■ PROBLEM STATEMENT: Quote the records that follow in full and exactly; leave out the pictures.

SUPPLIED DATA START

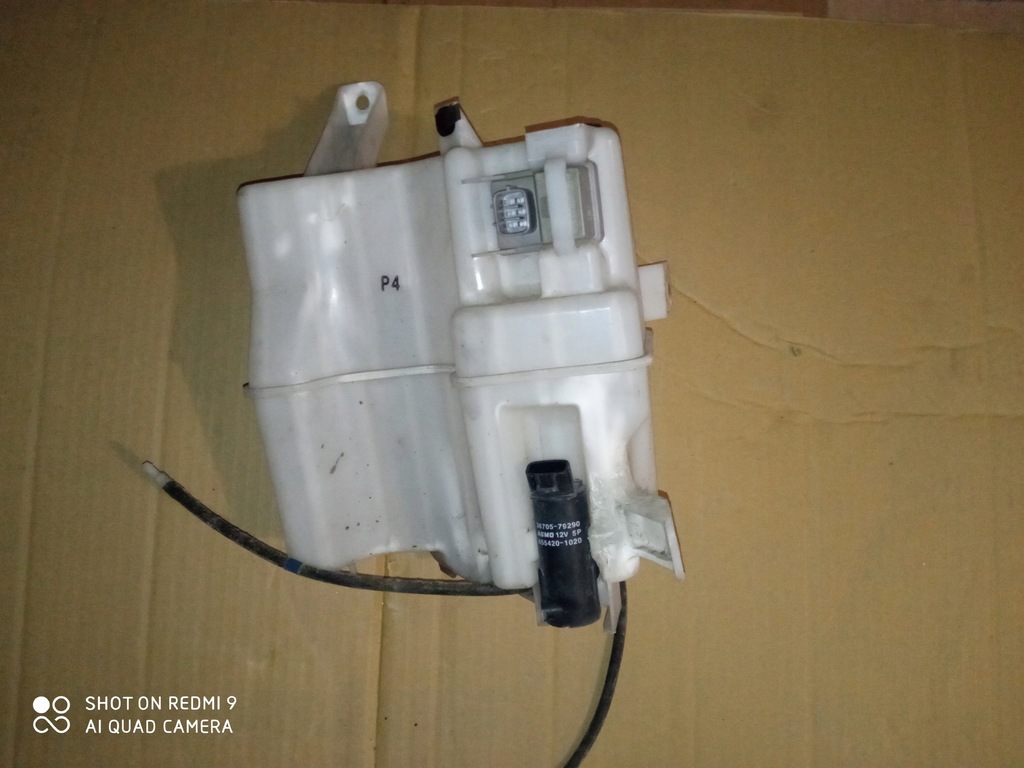 фото №1, Prius iii plus бачок омывателя ксенон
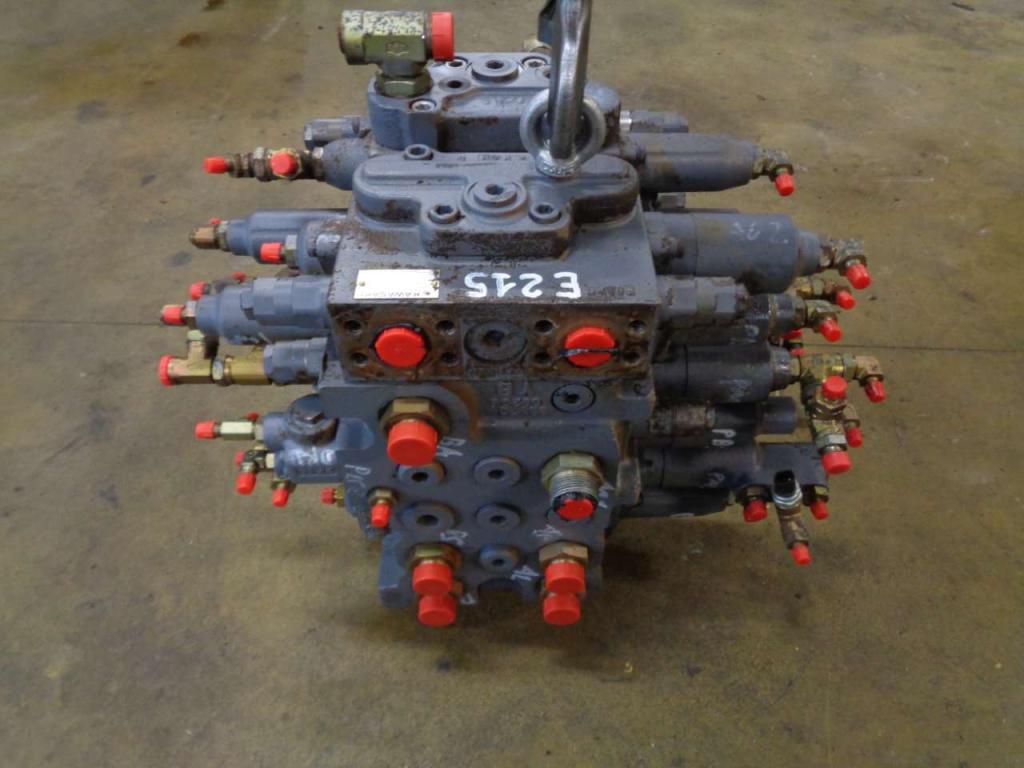 Distribuidor hidraulico para New Holland E 215 Foto 1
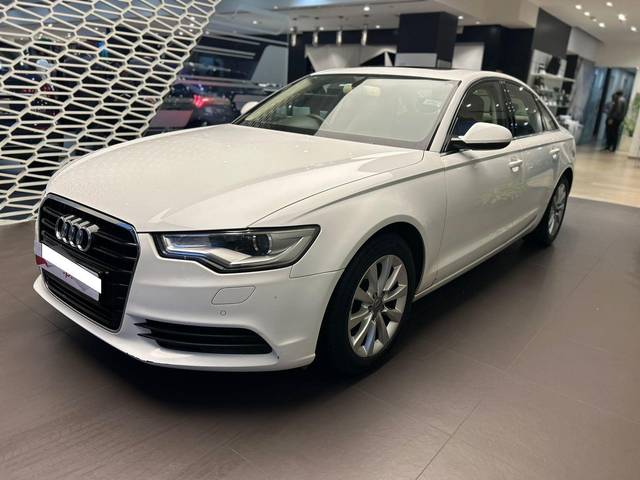 https://images10.gaadi.com/usedcar_image/3713729/original/processed_img2932950__usedcar_whatsappimage2023_12_10at175019_140381702275742_1702275773.jpeg?imwidth=6402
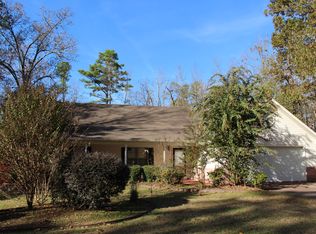 132 Stonebriar Dr, Hot Springs, AR 71913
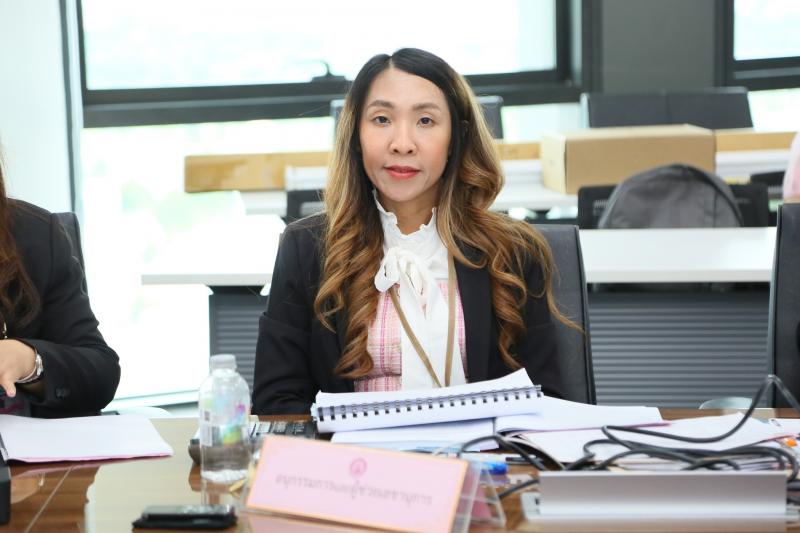 นางจตุพร โรจนพานิ�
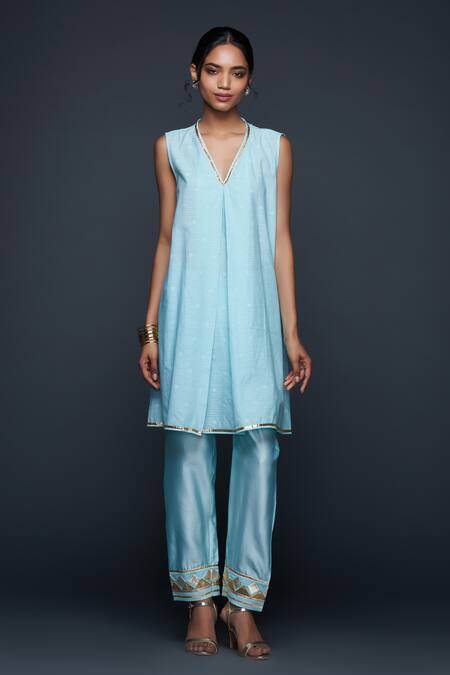 Gulabo By Abu Sandeep Blue Jamdani Embroidered Gota Open Jacket at Aza Fashions Gulabo By Abu Sandeep_Blue Jamdani Embroidered Gota Open Jacket _at_Aza_Fashions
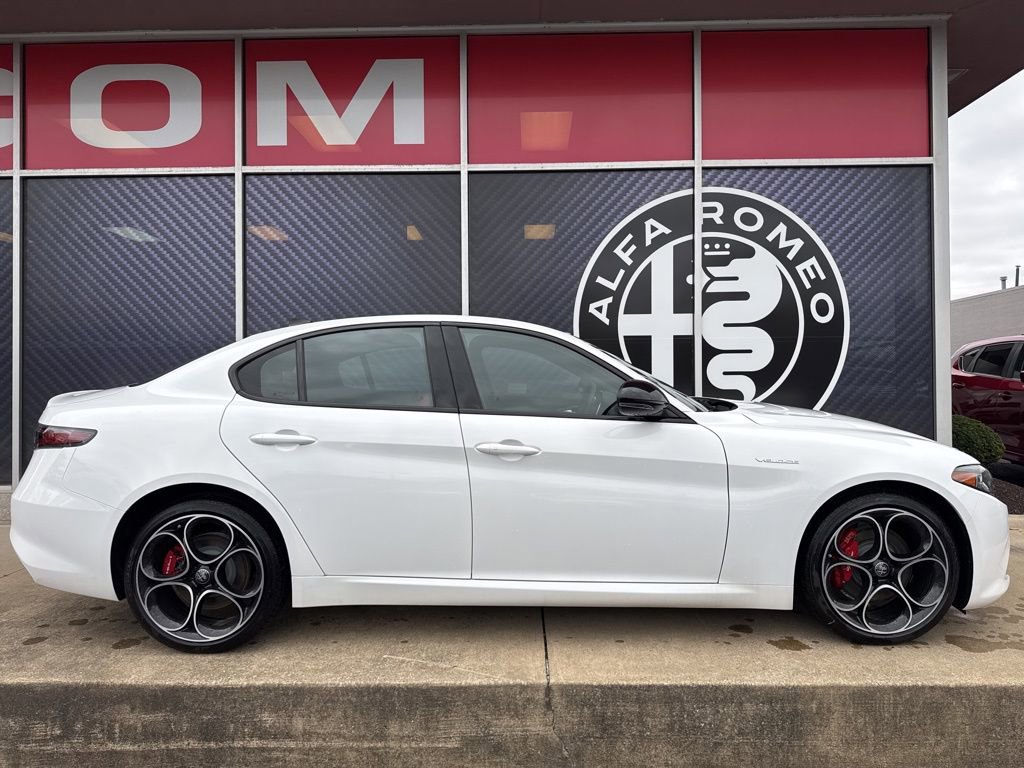 New 2025 Alfa Romeo Giulia AWD image 2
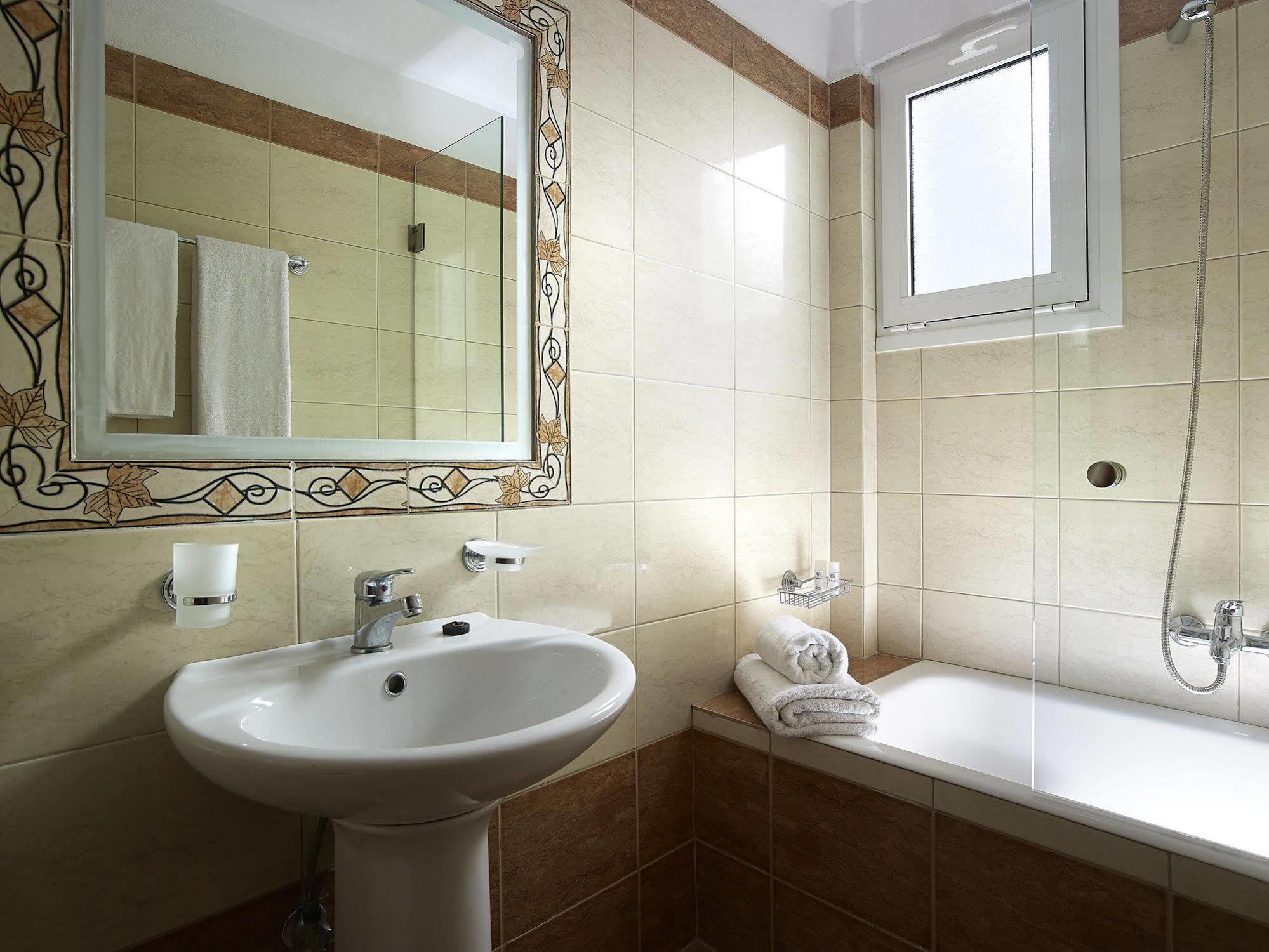 Coral Hotel Ierapetra  Bagian luar foto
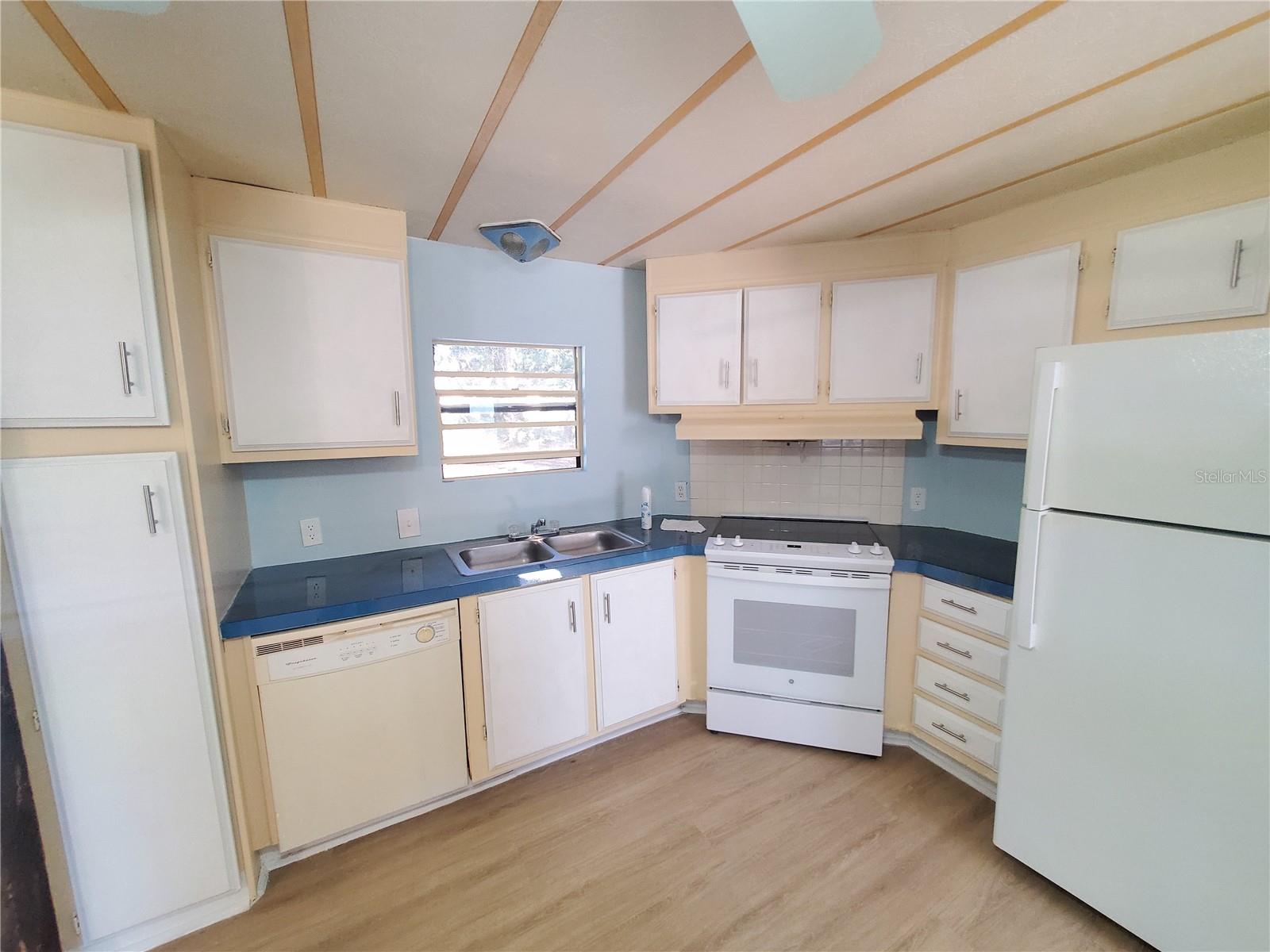 5415 S Doyle Ter Property Photo 15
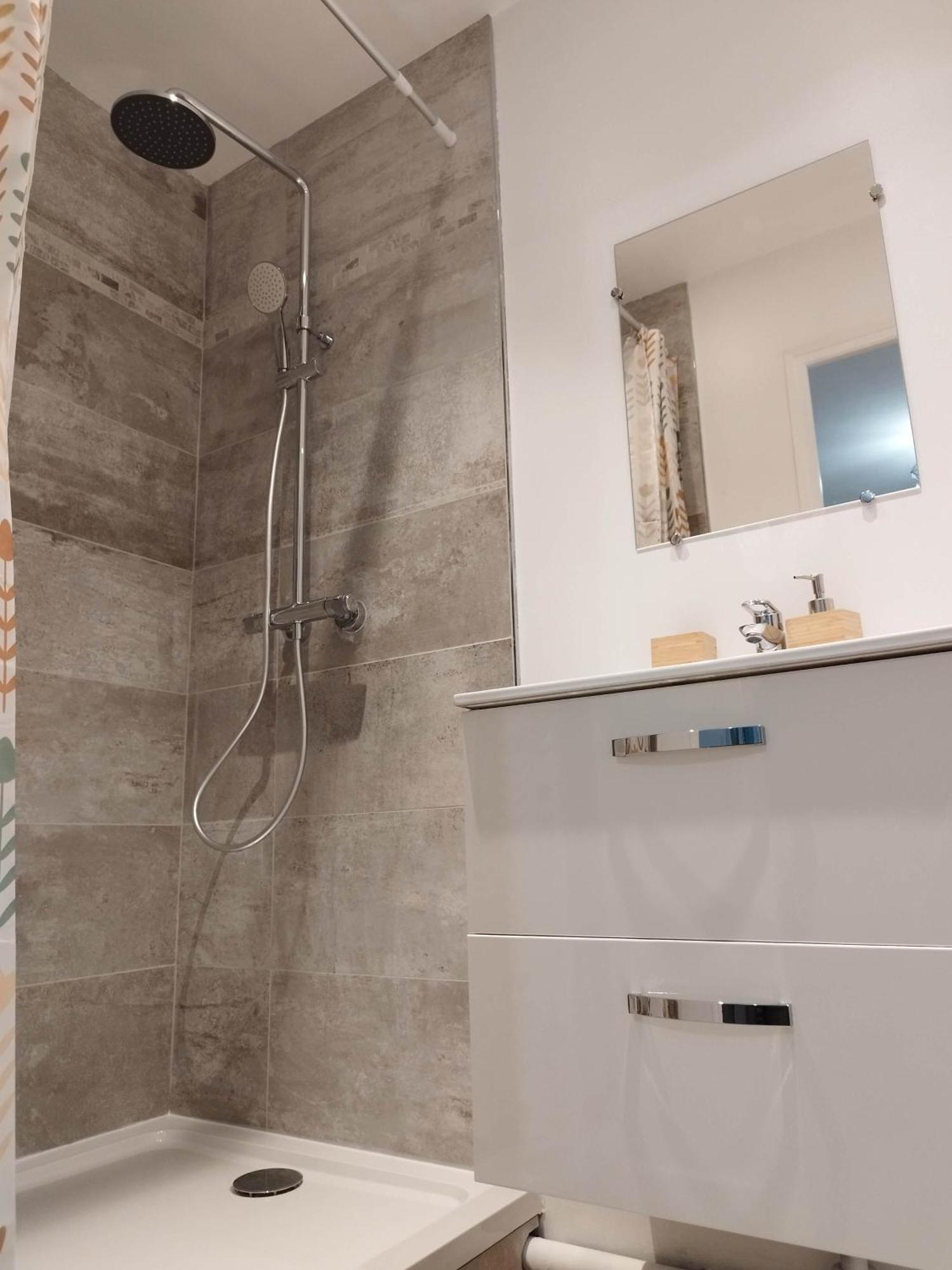 Le New York Bisontin 2 Apartment Безансон Екстериор снимка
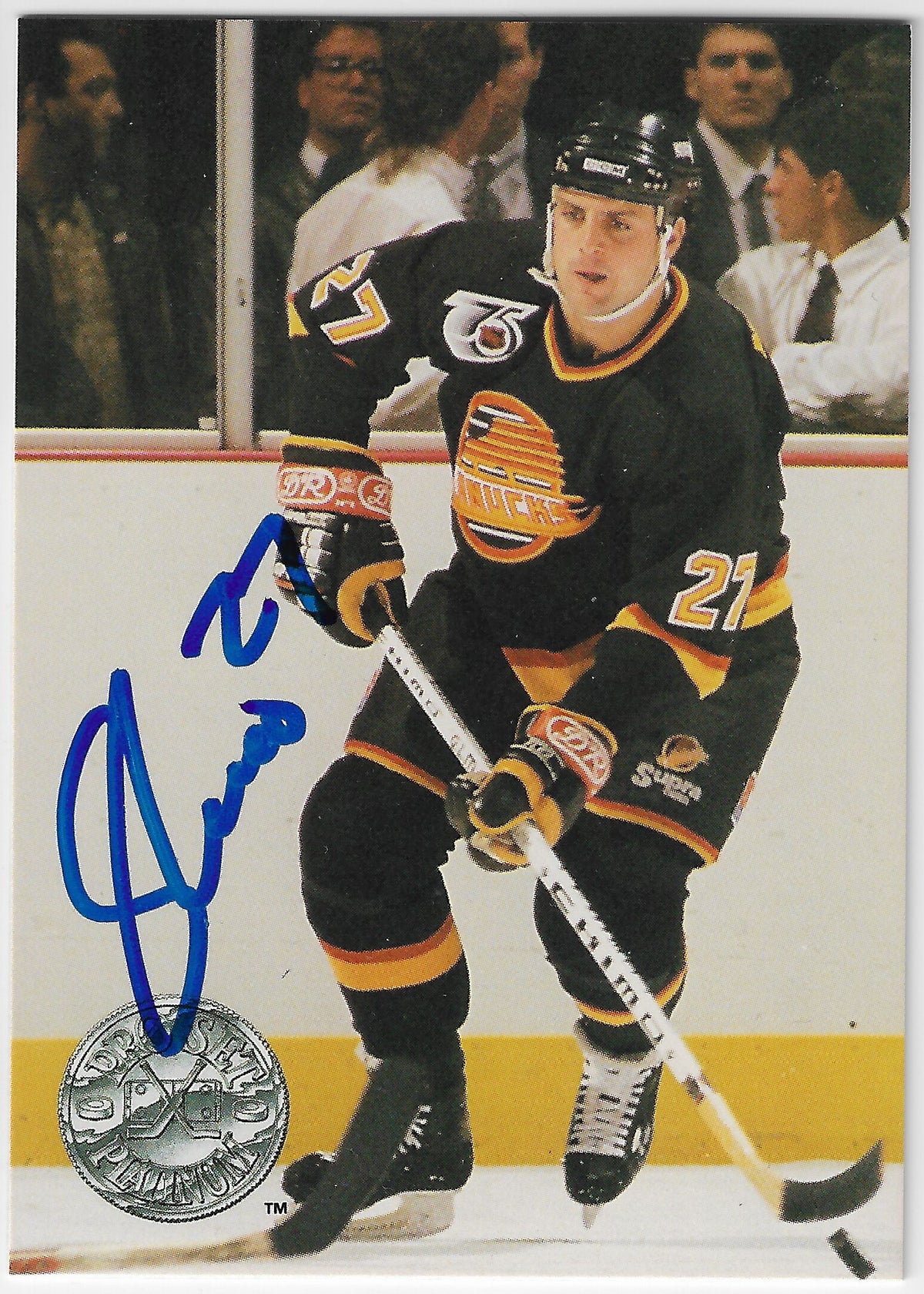 Sergio Momesso Signed 1991-92 Pro Set Platinum Hockey Card - Vancouver Canucks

SUPPLIED DATA END

■ RESULT OF THIS TASK:
 фото №1, Prius iii plus бачок омывателя ксенон
 Distribuidor hidraulico para New Holland E 215 Foto 1
 https://images10.gaadi.com/usedcar_image/3713729/original/processed_img2932950__usedcar_whatsappimage2023_12_10at175019_140381702275742_1702275773.jpeg?imwidth=6402
 132 Stonebriar Dr, Hot Springs, AR 71913
 นางจตุพร โรจนพานิ�
 Gulabo By Abu Sandeep Blue Jamdani Embroidered Gota Open Jacket at Aza Fashions Gulabo By Abu Sandeep_Blue Jamdani Embroidered Gota Open Jacket _at_Aza_Fashions
 New 2025 Alfa Romeo Giulia AWD image 2
 Coral Hotel Ierapetra  Bagian luar foto
 5415 S Doyle Ter Property Photo 15
 Le New York Bisontin 2 Apartment Безансон Екстериор снимка
 Sergio Momesso Signed 1991-92 Pro Set Platinum Hockey Card - Vancouver Canucks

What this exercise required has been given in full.